◆ Task directions
List each line of the data that holds the string "Accessories", please.

Task data START

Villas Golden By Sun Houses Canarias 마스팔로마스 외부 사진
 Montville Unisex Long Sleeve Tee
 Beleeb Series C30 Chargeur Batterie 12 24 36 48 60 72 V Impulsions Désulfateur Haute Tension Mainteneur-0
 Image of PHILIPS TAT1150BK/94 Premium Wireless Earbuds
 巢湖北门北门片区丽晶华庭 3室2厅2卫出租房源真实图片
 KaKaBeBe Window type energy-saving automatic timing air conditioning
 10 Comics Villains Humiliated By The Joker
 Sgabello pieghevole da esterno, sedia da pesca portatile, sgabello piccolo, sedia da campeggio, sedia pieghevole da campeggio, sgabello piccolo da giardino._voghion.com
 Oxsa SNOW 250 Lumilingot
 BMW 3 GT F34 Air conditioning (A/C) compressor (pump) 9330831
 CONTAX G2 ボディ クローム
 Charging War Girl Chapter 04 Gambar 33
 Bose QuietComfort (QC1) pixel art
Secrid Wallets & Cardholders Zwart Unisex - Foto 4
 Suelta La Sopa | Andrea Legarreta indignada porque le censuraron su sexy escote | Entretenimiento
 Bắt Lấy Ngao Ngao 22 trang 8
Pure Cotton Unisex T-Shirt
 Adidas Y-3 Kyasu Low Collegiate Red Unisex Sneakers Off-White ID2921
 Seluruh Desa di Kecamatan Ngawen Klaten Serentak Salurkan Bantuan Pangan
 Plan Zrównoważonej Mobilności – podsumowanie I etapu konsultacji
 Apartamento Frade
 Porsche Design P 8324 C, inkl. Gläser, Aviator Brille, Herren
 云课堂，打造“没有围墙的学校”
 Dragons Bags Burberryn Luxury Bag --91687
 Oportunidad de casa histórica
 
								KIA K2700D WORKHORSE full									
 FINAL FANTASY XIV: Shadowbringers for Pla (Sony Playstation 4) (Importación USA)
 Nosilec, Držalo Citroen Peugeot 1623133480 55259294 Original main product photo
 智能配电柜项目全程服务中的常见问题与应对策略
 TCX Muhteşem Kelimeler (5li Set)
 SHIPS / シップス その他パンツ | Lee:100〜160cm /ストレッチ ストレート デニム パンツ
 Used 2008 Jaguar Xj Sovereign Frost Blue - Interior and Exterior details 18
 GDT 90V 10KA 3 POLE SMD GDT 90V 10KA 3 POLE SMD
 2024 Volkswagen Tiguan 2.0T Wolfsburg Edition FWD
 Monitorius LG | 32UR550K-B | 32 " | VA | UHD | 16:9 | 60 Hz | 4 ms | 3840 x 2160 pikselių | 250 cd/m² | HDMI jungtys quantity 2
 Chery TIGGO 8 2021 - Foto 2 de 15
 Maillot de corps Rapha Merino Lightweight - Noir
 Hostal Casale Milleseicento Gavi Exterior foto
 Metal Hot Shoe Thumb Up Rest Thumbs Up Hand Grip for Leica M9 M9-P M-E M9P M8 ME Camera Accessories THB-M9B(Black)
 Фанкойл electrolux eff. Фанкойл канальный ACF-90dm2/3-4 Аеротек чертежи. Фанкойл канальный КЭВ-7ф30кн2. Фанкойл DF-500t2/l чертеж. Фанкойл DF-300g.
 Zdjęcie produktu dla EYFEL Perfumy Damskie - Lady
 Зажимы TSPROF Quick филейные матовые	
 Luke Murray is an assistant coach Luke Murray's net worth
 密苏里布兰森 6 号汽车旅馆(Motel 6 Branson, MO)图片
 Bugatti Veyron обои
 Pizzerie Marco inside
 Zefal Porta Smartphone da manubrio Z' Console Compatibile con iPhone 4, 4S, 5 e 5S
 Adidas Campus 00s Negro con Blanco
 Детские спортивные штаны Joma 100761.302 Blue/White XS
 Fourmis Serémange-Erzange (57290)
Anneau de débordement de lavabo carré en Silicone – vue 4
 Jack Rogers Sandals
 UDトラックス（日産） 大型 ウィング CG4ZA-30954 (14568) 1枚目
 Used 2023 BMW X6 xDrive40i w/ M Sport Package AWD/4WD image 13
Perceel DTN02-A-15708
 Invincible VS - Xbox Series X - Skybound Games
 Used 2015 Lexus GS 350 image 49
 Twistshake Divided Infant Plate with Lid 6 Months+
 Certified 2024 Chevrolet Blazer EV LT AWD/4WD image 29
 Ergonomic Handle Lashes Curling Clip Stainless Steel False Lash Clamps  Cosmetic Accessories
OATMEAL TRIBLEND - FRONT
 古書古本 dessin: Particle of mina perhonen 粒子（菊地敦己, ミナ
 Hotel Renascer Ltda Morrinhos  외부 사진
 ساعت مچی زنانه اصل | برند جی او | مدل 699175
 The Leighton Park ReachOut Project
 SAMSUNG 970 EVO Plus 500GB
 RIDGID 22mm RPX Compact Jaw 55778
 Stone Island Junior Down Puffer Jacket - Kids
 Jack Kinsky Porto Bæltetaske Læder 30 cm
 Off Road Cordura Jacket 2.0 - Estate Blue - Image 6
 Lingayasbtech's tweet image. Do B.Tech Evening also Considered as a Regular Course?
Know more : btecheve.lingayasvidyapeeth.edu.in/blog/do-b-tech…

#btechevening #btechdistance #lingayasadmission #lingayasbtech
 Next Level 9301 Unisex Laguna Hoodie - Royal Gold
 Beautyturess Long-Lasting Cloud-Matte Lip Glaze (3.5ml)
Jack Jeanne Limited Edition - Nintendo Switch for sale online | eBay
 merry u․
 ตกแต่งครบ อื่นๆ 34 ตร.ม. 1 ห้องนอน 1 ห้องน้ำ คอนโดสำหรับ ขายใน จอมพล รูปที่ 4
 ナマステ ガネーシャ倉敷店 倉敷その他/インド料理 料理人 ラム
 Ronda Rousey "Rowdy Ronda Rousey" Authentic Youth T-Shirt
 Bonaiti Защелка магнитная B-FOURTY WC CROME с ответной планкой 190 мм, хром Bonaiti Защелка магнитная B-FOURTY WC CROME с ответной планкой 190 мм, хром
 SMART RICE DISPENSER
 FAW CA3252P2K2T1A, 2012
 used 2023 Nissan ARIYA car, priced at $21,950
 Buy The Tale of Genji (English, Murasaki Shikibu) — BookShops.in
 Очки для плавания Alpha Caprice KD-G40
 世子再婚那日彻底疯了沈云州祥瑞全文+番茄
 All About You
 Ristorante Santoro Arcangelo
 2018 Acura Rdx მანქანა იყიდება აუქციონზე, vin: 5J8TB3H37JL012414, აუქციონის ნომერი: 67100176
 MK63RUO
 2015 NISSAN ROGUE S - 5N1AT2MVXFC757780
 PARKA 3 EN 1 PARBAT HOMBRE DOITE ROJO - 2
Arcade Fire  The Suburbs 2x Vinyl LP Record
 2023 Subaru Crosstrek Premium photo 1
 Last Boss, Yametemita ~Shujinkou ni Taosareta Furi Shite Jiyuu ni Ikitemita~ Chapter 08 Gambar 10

Task data END

◆ Response for this exercise
 Metal Hot Shoe Thumb Up Rest Thumbs Up Hand Grip for Leica M9 M9-P M-E M9P M8 ME Camera Accessories THB-M9B(Black)
 Ergonomic Handle Lashes Curling Clip Stainless Steel False Lash Clamps  Cosmetic Accessories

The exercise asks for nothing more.